Material shown Block Start

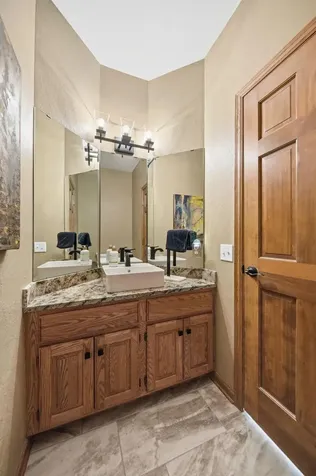 699 Bridle Ridge Road Eagan MN 55123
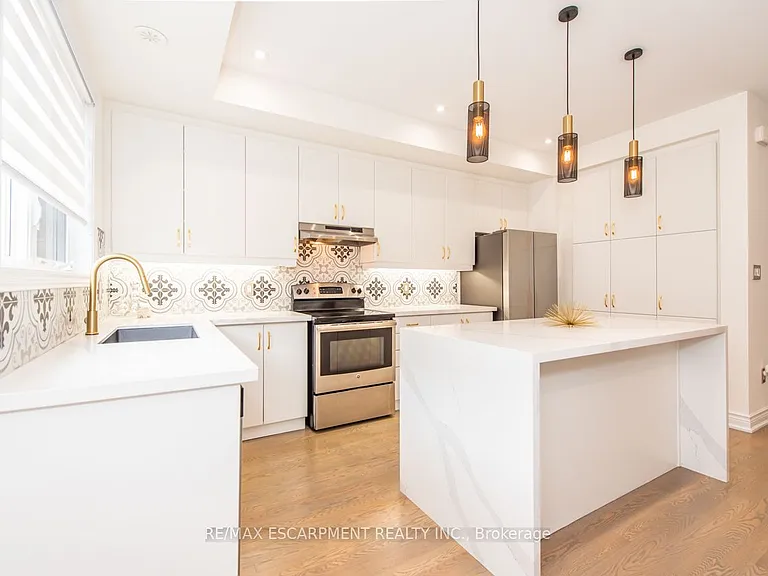 64 City Park Cir — Photo 15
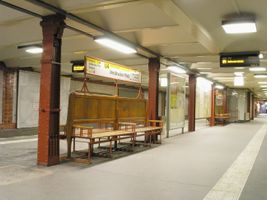 File:Berliner U-Bahnhof Innsbrucker Platz (Sitzbank).jpg File:Berliner U-Bahnhof Innsbrucker Platz (Sitzbank).jpg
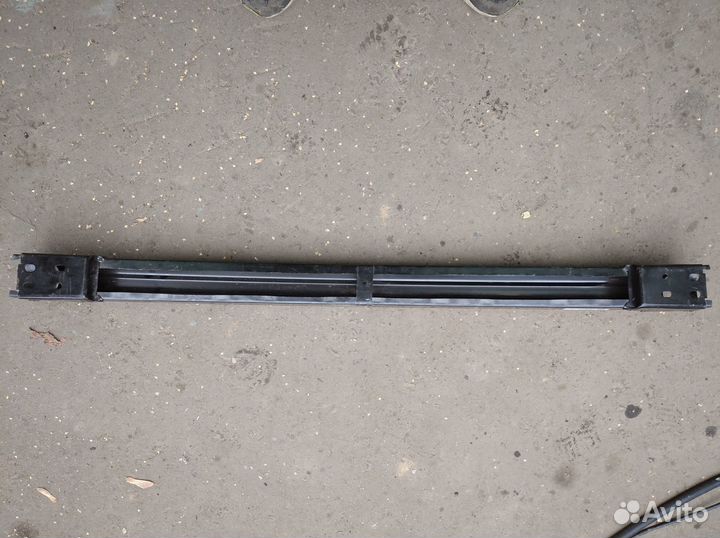 Усилитель бампера Ford Escape 2000-2012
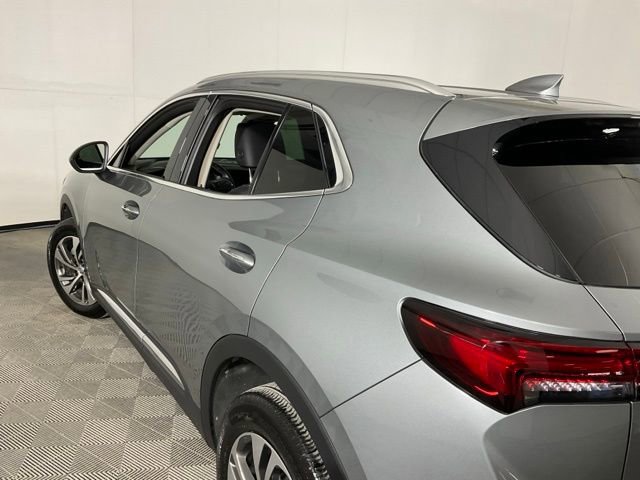 Used 2023 Buick Envision Essence image 40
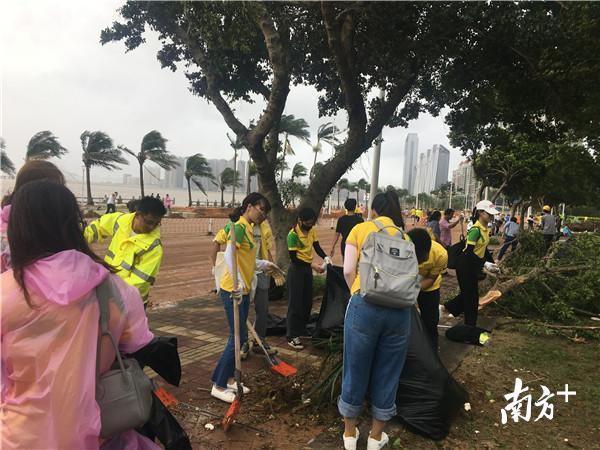 视频｜访问珠海情侣路建复一线，看都会手刺怎样规复风度-1.jpg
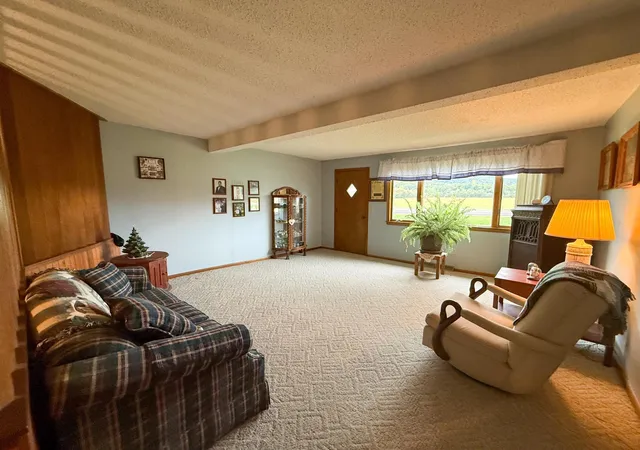 Photo 4 of Single family home for sale at 9516 County 4, Houston, MN 55943 | MLS# 7152343 | Listing updated on 2026-10-02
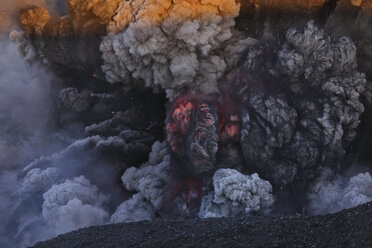Island, Blick auf den Lavaausbruch des Eyjafjallajokull - RM000489
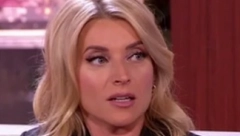 ZAVIRITE U SPAVAĆU SOBU ANĐELKE PRPIĆ! Ogroman bračni krevet i orman u staklu, a jedan detalj svima privukao pažnju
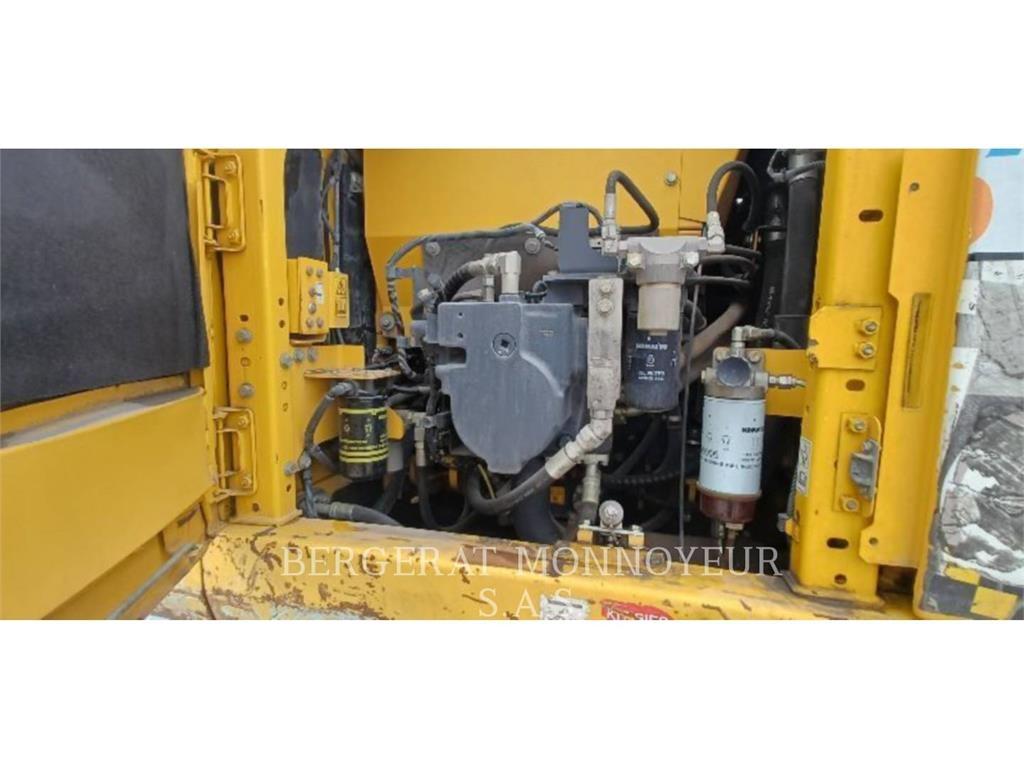 Komatsu HB215LC2 Roomikekskavaatorid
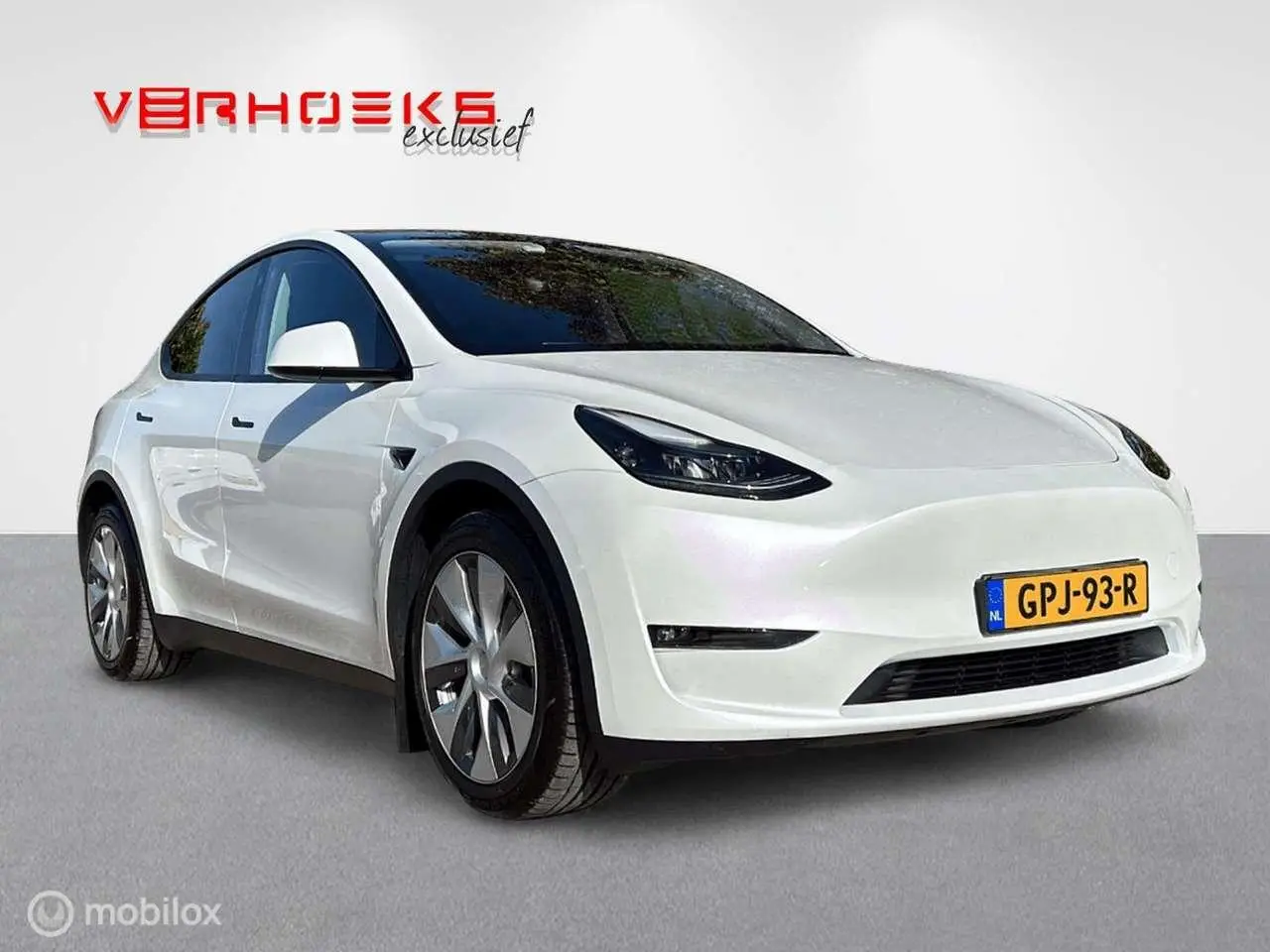 Photo 1 : Tesla Model Y 2023 Electric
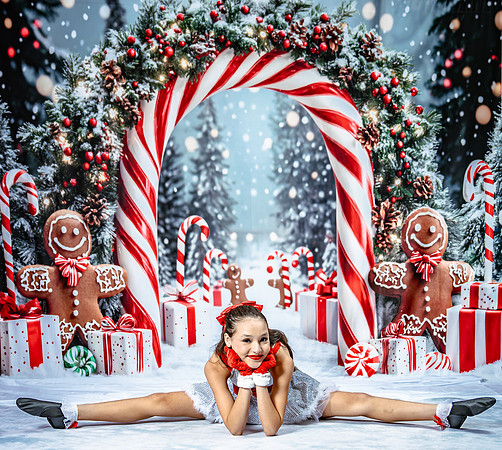 20251206-Dance-Station-Studios-Christmas-Portraits-3358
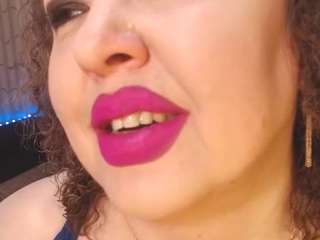 yourbustykatty webcam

Material shown Block End

* **Work task**:
Because only one stretch of the records is wanted, please output the lines from the one holding "Platz (Sitzbank).jpg File:Berliner" through the one holding "Island, Blick auf" exactly, both included, and leave every picture out.

* **Output of the task**:
 File:Berliner U-Bahnhof Innsbrucker Platz (Sitzbank).jpg File:Berliner U-Bahnhof Innsbrucker Platz (Sitzbank).jpg
 Усилитель бампера Ford Escape 2000-2012
 Used 2023 Buick Envision Essence image 40
 视频｜访问珠海情侣路建复一线，看都会手刺怎样规复风度-1.jpg
 Photo 4 of Single family home for sale at 9516 County 4, Houston, MN 55943 | MLS# 7152343 | Listing updated on 2026-10-02
Island, Blick auf den Lavaausbruch des Eyjafjallajokull - RM000489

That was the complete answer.